The 7th edition, including windows 10 and Server 2016 is due out this year (I'm probably going to get it - I'm so outdated).

That was an interesting read, but unfortunately the algorithms it describes in critical areas are not consistent with the actual behaviour observed (neither on Win7 nor Win10). Therefore I cannot rely on any of the information in it.

looncraz · Mar 23, 2017

lolfail9001 said:
Is it? Memory access is still uniform, it is more of an Skulltrail than NUMA config, now that i consider it. In fact, it is literally Skulltrail config, just on single die: 2 quad cores with plenty of cache for them connected by a bus with each other, memory and all the IO.

It's much closer to NUMA than to a monolithic core. You have half the CPU which can only talk to the other half, AFAICT, by going to the IMC. All of the prefetch logic become useless as soon as data needs to be shared between those halves of the CPU.

This is very close to the dynamic you see with NUMA, just it's occurring on-die.

I am currently preparing to update to the latest Windows 10 because my existing install is performing pretty horridly - hoping a simple upgrade installation will do the trick.

Trovaricon · Mar 23, 2017

lolfail9001 is right, it is more like a Skulltrail platform but with extremely buffed up "FSB". According to AMD slides any access to memory goes through "FSB" (data fabric) to memory controller. Therefore Idea of "every ccx has a single channel IMC = has lower latency when accessing its memory space" is not correct.
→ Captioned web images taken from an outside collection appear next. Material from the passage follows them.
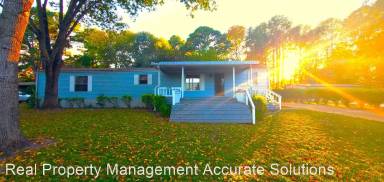 Main picture of 16022 Cedar Bay Dr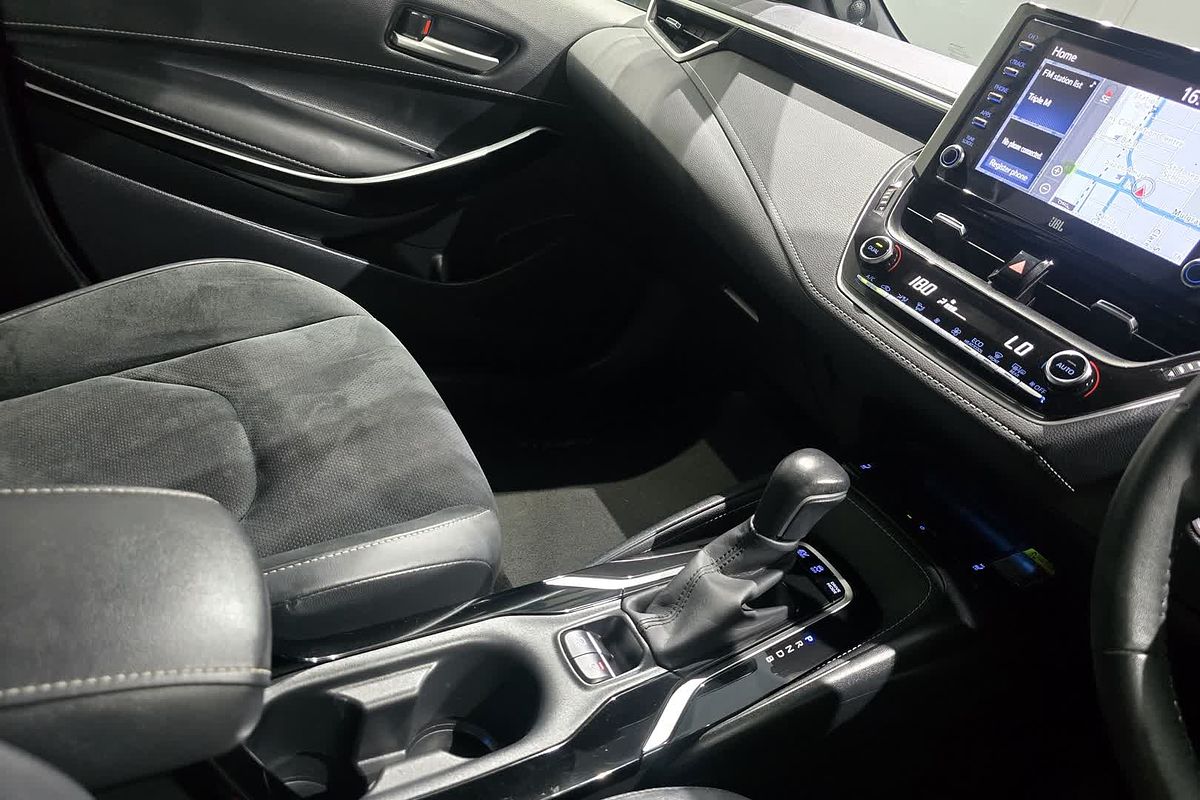 2020 Toyota Corolla ZR Hybrid ZWE211R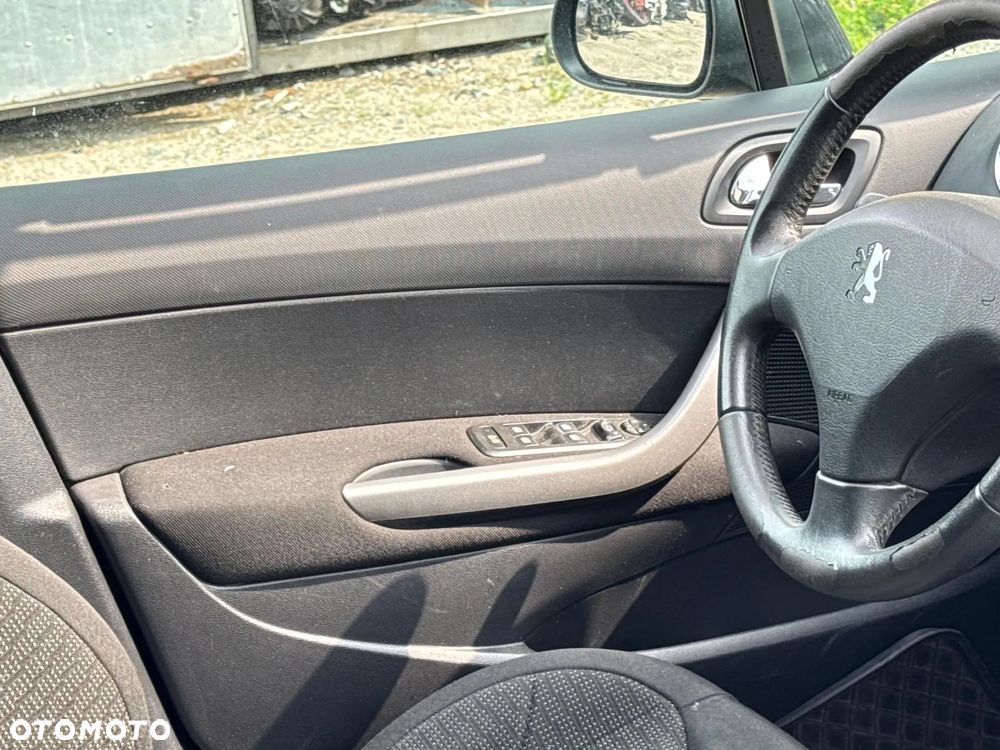 Peugeot 308 1.6 HDI kod silnika 9H2 Kod lakieru KTVD - 11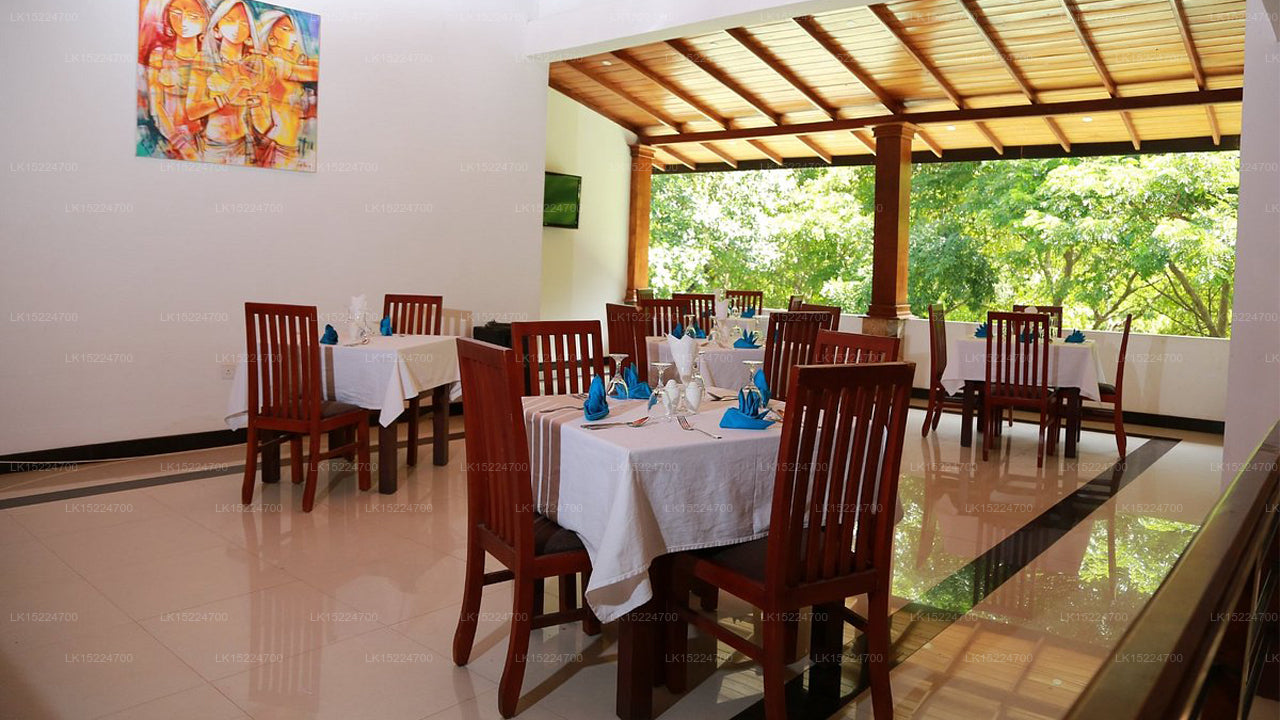 Grand Kalundawa Waterfront Resort, Dambulla
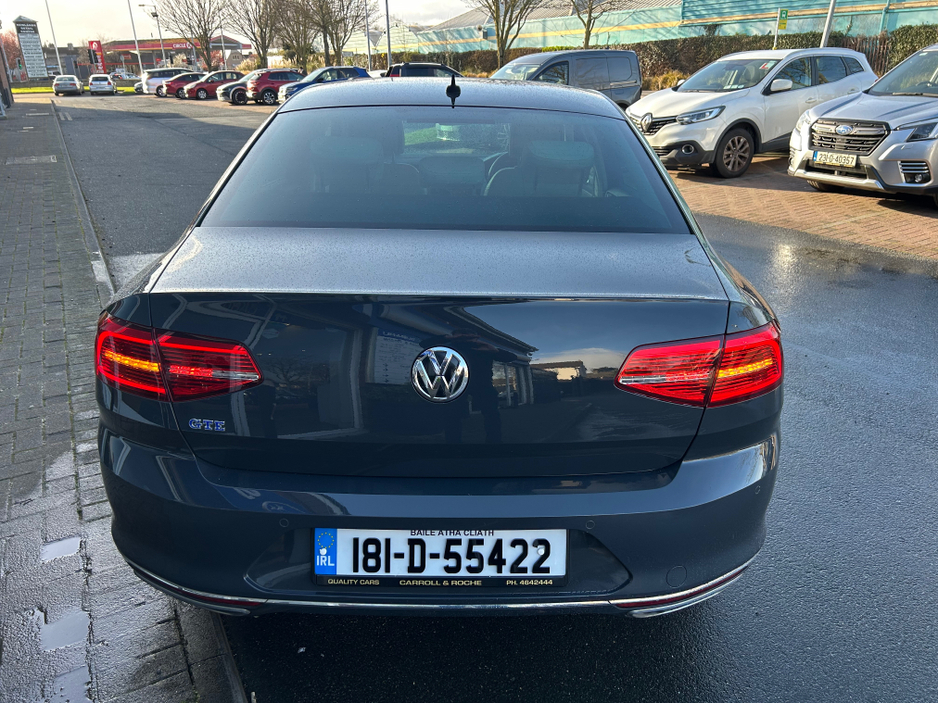2018 Volkswagen Passat - image 15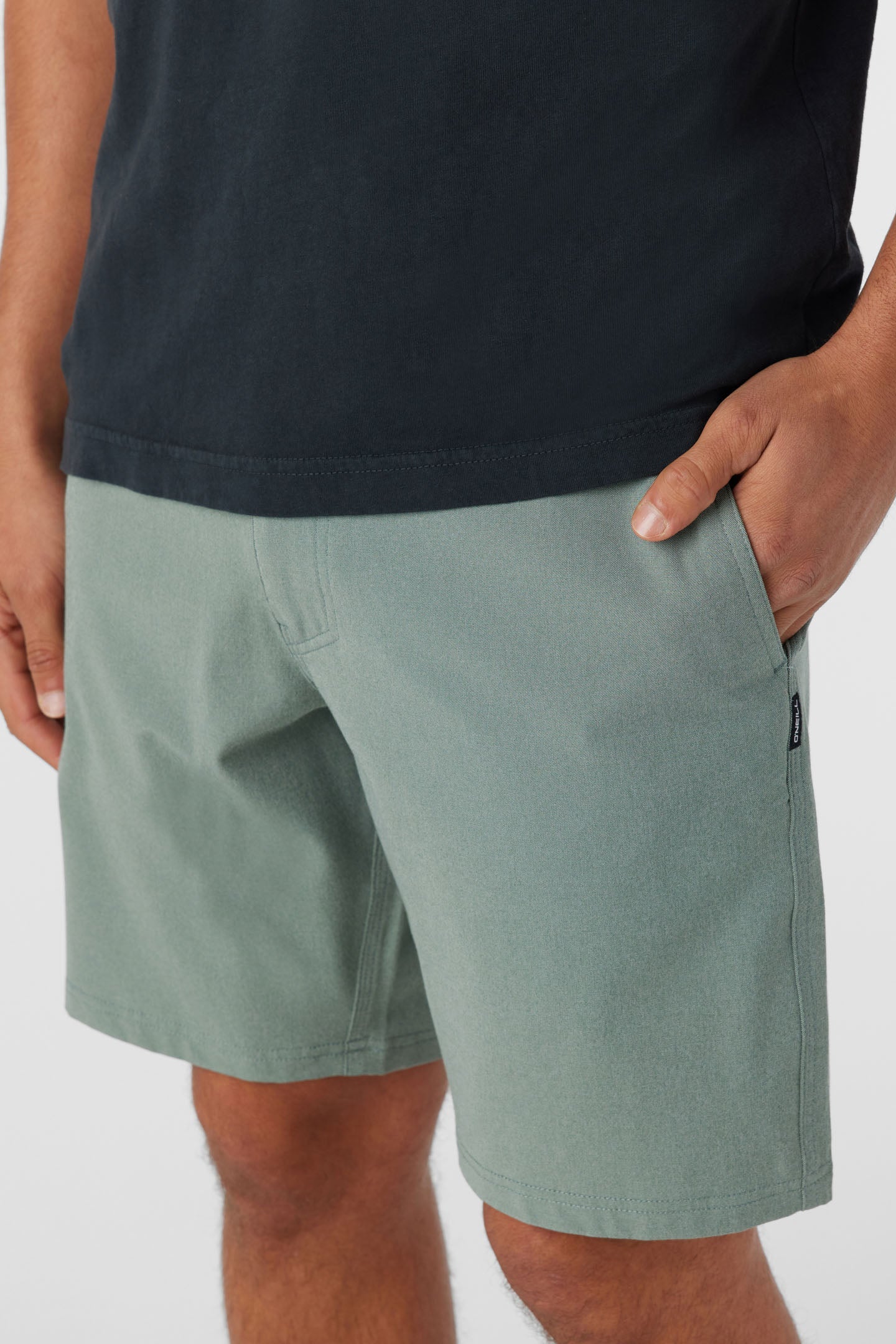 Reserve Light Check 19" Hybrid Shorts - Dark Olive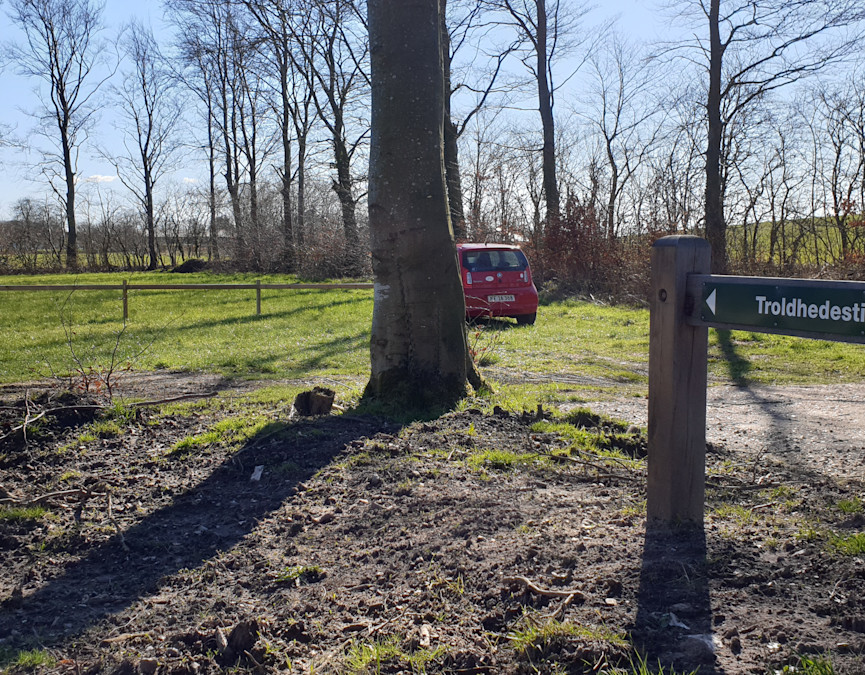 Parkering Troldhedesti Ferup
NUMA has nothing to do with cache... What about 2 or 4 cores sharing a L2? Or even L1i in case of Bulldozer uArch? Do you consider them "NUMA-like" architectures?

If one writes algorithm (in)correctly you can outperform SandyBridge i3 by Piledriver A10 core in a single threaded micro benchmark (personal experience)

The point is, that AMD again came with not-so-copy-paste (from Intel) architecture CPU building block - it is much less exotic than Bulldozer, but it is not 1to1 intel replacement when it comes to design of (some) high performance algorithms.

CatMerc · Mar 23, 2017

Trovaricon said:
lolfail9001 is right, it is more like a Skulltrail platform but with extremely buffed up "FSB". According to AMD slides any access to memory goes through "FSB" (data fabric) to memory controller. Therefore Idea of "every ccx has a single channel IMC = has lower latency when accessing its memory space" is not correct.

NUMA has nothing to do with cache... What about 2 or 4 cores sharing a L2? Or even L1i in case of Bulldozer uArch? Do you consider them "NUMA-like" architectures?

If one writes algorithm (in)correctly you can outperform SandyBridge i3 by Piledriver A10 core in a single threaded micro benchmark (personal experience)

The point is, that AMD again came with not-so-copy-paste (from Intel) architecture CPU building block - it is much less exotic than Bulldozer, but it is not 1to1 intel replacement when it comes to design of (some) high performance algorithms.

It's NUMA like, not NUMA. I don't think anyone claims otherwise.
If you think about the L3 as "memory", then it's very much NUMA like.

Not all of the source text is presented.